The very basic code of ethics for a trust is to work towards the welfare of the society and fulfill the requirements of the deprived ones without any sheer profit. And, because of this noble responsibility alone, trusts are exempted from paying tax and are subjected to avail free or cheaper real estate. But, what a latest CAG audit report has revealed is in contrast to this trust code, as three educational institutions in Delhi, Mumbai and Pune have been earning as much as up to Rs 500 crore a year with their annual profit falls between 50% to 84%.
According to the CAG report, the three institutions, -- Tatwajnana Vidyapeeth of Mumbai, Ishan Educational Research Society of Delhi and Symbiosis Society Group of Pune have earned a profit of Rs 622 crore over the last four years.
These institutions have accumulated profit ranging from 50% to 84% constantly during their assessment year 2007 and 2011 and made a surplus of Rs 622 crore in four years.
"Twenty-two educational institutions accumulated surpluses of Rs 819 crore ranging from 35% to 84% of their total income. These surpluses were used for creating fixed assets for earning more profit or transferred to other trusts rather than charitable purpose to avoid tax," CAG said.
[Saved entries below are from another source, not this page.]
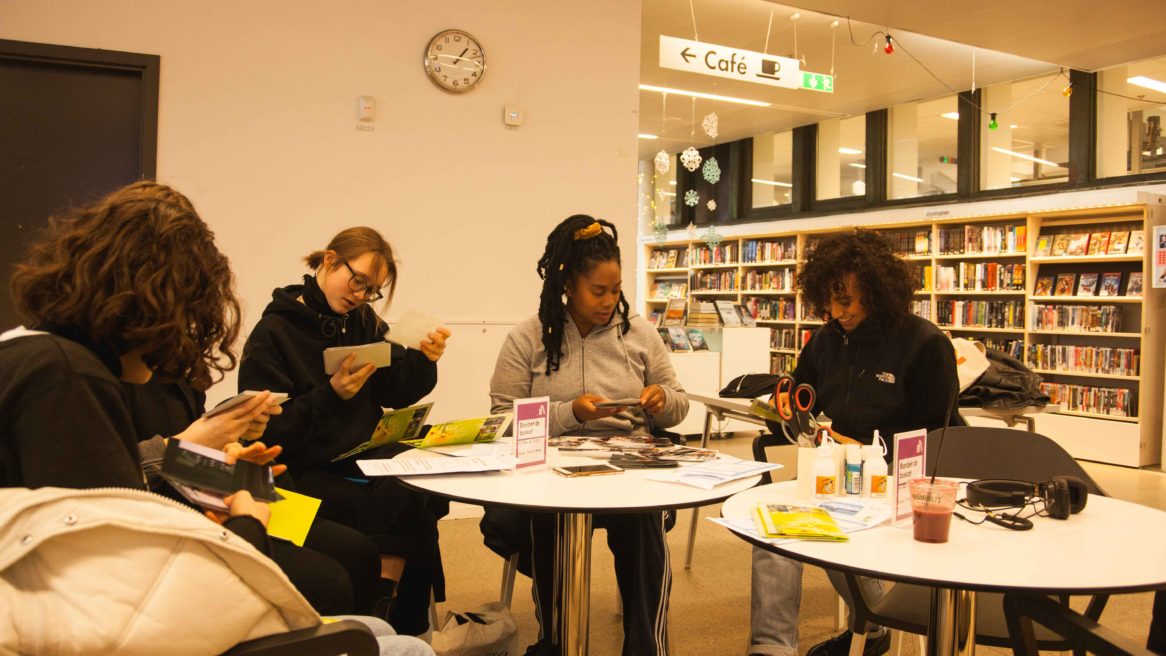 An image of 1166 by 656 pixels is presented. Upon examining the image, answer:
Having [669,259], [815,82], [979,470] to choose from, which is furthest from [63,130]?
[669,259]

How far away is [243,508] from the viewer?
1.16m

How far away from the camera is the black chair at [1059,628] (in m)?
1.16

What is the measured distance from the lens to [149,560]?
2.73 feet

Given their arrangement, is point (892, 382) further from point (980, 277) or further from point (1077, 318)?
point (980, 277)

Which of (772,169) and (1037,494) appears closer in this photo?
(1037,494)

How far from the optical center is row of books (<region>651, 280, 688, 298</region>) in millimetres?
10977

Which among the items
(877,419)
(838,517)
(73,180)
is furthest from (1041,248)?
(73,180)

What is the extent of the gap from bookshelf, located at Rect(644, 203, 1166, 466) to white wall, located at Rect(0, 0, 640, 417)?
2.35 meters

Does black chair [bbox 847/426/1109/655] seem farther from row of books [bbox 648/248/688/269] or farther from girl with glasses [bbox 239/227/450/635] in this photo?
row of books [bbox 648/248/688/269]

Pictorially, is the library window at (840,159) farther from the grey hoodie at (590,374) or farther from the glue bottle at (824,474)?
the glue bottle at (824,474)

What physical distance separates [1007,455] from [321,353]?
6.30 feet

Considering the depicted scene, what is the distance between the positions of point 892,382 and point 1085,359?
5.35 meters

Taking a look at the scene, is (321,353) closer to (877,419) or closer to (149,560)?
(149,560)

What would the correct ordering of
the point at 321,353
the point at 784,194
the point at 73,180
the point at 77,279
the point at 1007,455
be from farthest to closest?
the point at 784,194 < the point at 73,180 < the point at 321,353 < the point at 1007,455 < the point at 77,279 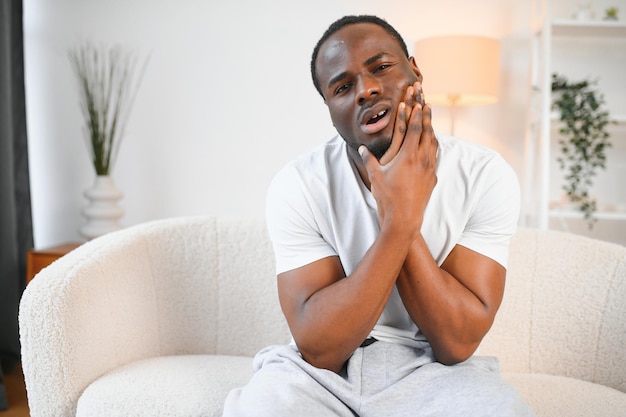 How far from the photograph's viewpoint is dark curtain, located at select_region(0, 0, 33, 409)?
276cm

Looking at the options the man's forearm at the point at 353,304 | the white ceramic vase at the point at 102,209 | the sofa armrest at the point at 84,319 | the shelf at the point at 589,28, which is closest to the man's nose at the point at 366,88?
the man's forearm at the point at 353,304

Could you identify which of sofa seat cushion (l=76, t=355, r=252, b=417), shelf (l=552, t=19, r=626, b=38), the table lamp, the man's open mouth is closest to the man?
the man's open mouth

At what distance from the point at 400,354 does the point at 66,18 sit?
104 inches

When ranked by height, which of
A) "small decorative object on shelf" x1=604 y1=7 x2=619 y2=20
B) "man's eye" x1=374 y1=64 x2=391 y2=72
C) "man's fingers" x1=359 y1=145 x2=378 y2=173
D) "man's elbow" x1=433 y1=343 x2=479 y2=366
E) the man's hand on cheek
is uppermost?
"small decorative object on shelf" x1=604 y1=7 x2=619 y2=20

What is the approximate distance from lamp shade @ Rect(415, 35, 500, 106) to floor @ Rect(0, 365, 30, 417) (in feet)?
6.54

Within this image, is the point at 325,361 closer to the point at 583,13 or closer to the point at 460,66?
the point at 460,66

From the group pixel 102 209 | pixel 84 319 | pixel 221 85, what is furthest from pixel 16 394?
pixel 221 85

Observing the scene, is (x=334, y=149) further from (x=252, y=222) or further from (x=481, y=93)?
(x=481, y=93)

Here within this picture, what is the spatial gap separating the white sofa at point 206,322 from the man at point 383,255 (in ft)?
0.98

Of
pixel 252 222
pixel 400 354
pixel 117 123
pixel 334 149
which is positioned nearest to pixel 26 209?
pixel 117 123

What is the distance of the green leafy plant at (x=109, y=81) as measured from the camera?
3.17 meters

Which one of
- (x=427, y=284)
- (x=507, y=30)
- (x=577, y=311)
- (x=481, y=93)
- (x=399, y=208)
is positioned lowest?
(x=577, y=311)

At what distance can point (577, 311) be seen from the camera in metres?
1.65

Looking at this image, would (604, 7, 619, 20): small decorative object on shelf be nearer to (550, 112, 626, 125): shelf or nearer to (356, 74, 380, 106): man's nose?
(550, 112, 626, 125): shelf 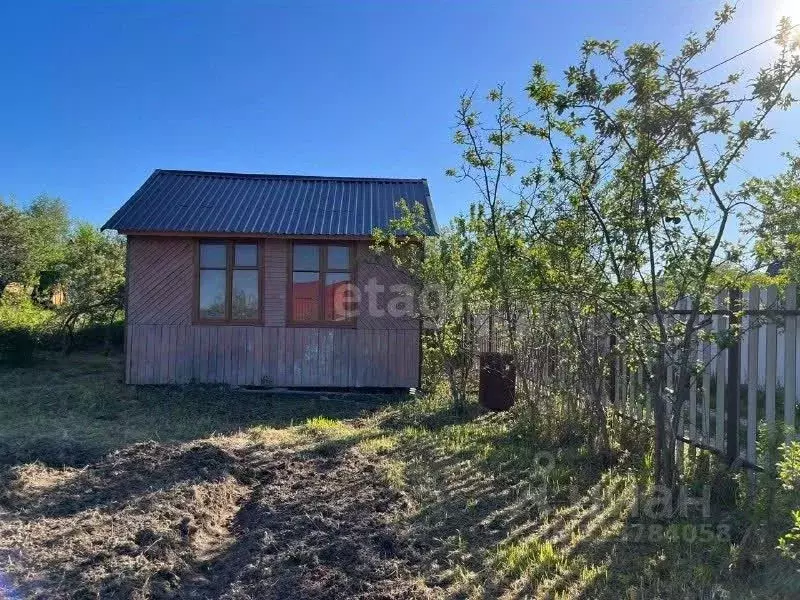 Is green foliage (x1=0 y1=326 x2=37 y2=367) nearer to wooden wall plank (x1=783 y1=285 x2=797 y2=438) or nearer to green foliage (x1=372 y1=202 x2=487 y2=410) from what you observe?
green foliage (x1=372 y1=202 x2=487 y2=410)

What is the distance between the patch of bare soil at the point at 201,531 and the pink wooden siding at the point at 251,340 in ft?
15.1

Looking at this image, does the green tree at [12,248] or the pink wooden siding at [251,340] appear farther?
the green tree at [12,248]

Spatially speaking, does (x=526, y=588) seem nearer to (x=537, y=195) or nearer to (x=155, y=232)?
(x=537, y=195)

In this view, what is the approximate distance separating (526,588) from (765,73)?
3646 mm

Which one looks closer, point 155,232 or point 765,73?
point 765,73

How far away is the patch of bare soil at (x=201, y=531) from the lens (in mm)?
3492

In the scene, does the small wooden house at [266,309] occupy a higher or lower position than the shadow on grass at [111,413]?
higher

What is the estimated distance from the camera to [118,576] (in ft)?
11.6

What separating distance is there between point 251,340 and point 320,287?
1.61 meters

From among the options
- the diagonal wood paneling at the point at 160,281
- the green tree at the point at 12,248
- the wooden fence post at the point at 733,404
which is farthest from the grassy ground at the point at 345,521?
the green tree at the point at 12,248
Presented in Parliament on 13 December 2013, the CAG report has questioned that why the Income Tax Department has let these educational bodies to accumulate such large profits without being taxed. The autitor also argued that the I-T dept leniency defeats the concept of a trust.
However, the Finance Ministry defended tax relief by asserting that a trust is allowed to accumulate surplus of income up to 15% and that it can be accumulated up to five years.
To support its argument, the CAG cited a court order which has ruled that "the carry forward of income up to 85%, though permitted u/s 11(2) of the I-T Act, should not be adopted on a routine basis and if it is done, then the very purpose of trust will be defeated."
In its recommendation, the auditor has said that the Ministry Of Finance may "bring in suitable amendment in law to evolve a suitable mechanism so that trusts are not allowed accumulations consistently through strict monitoring of its declarations."